ATVSI menurut Ishadi, menjelaskan konsep dan juga poin penting usulan alternative ATVSI kepada para ketua partai politik. “Road show ke sejumlah partai politik sudah kita lakukan. Para ketua partai politik juga menyatakan tidak sepakat dengan konsep single mux itu karena berpotensi menciptakan situasi yang tidak demokratis seperti di jaman Orde Baru. Mereka juga memahami serta mengapresiasi masukkan dari kami,” ujarnya.
Dalam road show itu, ATVSI kembali menegaskan pentingnya pelayanan kepada masyarakat baik secara teknis dan juga konten program di mana keduannya akan terus ditingkatkan dan diperbaiki. Ishadi menambahkan, pemerintah dan DPR RI harus menetapkan bisnis model migrasi digital yang tepat, sehingga dapat menciptakan industri penyiaran yang sehat, kuat dan memiliki daya saing di kancah internasional.
Sementara itu Pengamat Komunikasi Politik Universitas Palita Harapan Emrus Sihombing mengatakan, untuk menjamin kebebasan berpendapat maka sejatinya negara memberikan otonomi kepada lembaga penyiaran untuk mengelola aspek, termasuk frekuensi dan infrastruktur yang terkait dalam proses produksi program acara.
Menurut Emrus, pandangan bahwa pengelolaan frekuensi dan infrastruktur secara sentralistik atau tunggal membuat lembaga penyiaran termajinalisasi. Dengan skema itu tentu berpotensi menimbulkan praktik monopoli yang mendorong terciptanya persaingan usaha yang kurang sehat. “Selain itu, bisa terjadi dominasi operator terhadap lembaga penyiaran. Sebab operator menguasai frekuensi dan infrastruktur yang dapat membatasi gerak langkah lembaga penyiarn memproduksi program acara yang secepat mungkin disampaikan kepada publik dan bermutu,” ujar Emrus.

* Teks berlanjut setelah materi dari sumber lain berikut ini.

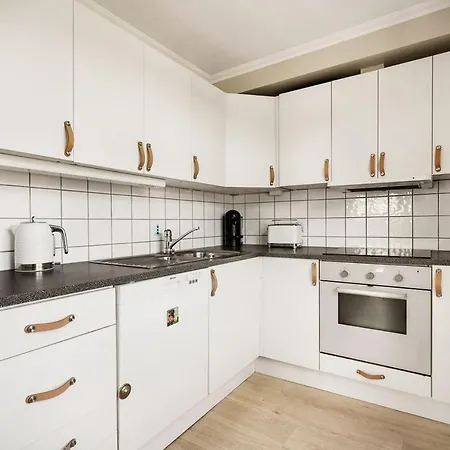 Panoramic Flat & Garden, Free Parking 12 Minutes Walking! *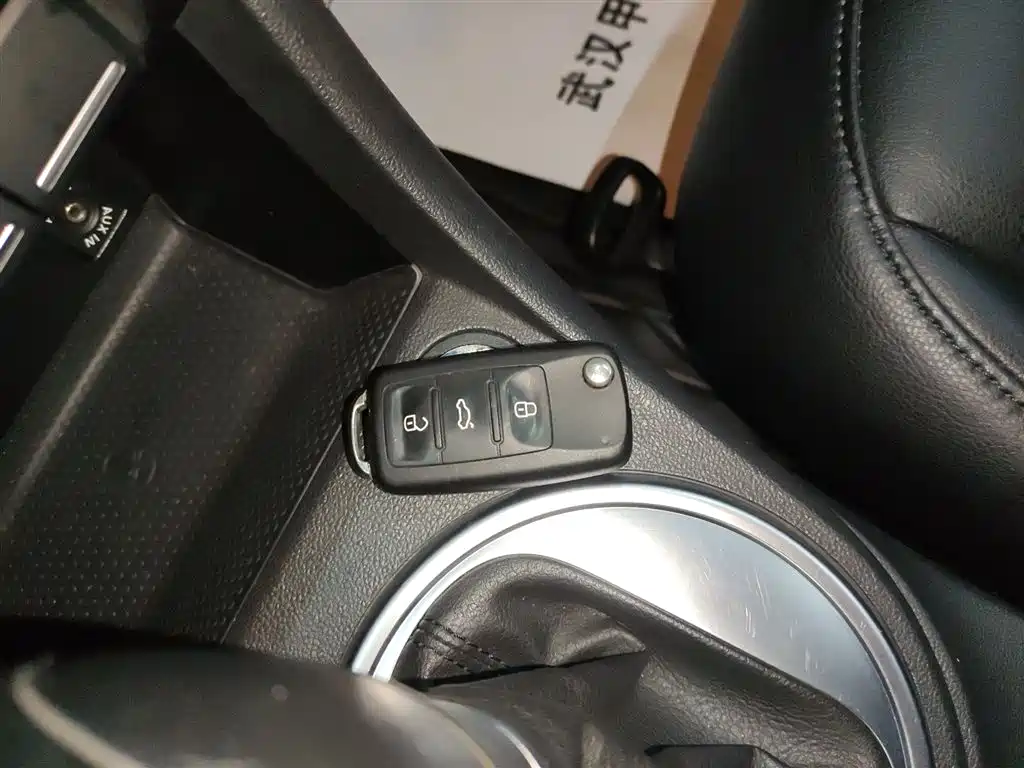 Volkswagen Beetle 2015 180TSI фото 17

Senada dengan Emrus, Direktur Eksekutif Lembaga Pengembangan Pemberdayaan Masyarakat Informasi Indonesia (LPPMII), Kamilov mengatakan bahwa penetapan LPP Radio Televisi Republik Indonesia (RTRI) menjadi penyelenggara tunggal penyiaran multipleksing digital atau lebih dikenal dengan Single Mux, bertentangan dengan semangat demokrasi yakni terkait larangan praktik monopoli dan persaingan usaha tidak sehat.
Kamilov Sagala juga menilai, isi RUU Penyiaran 2017 tidak sejalan dengan Pasal-pasal dalam Undang-Undang Nomor 5 Tahun 1999 tentang Larangan Praktik Monopoli dan Persaingan Usaha Tidak Sehat. Misalnya, Pasal 2 yang berbunyi, "Pelaku usaha di Indonesia dalam menjalankan kegiatan usahanya berasaskan demokrasi ekonomi dengan memperhatikan keseimbangan antara kepentingan pelaku usaha dan kepentingan umum.”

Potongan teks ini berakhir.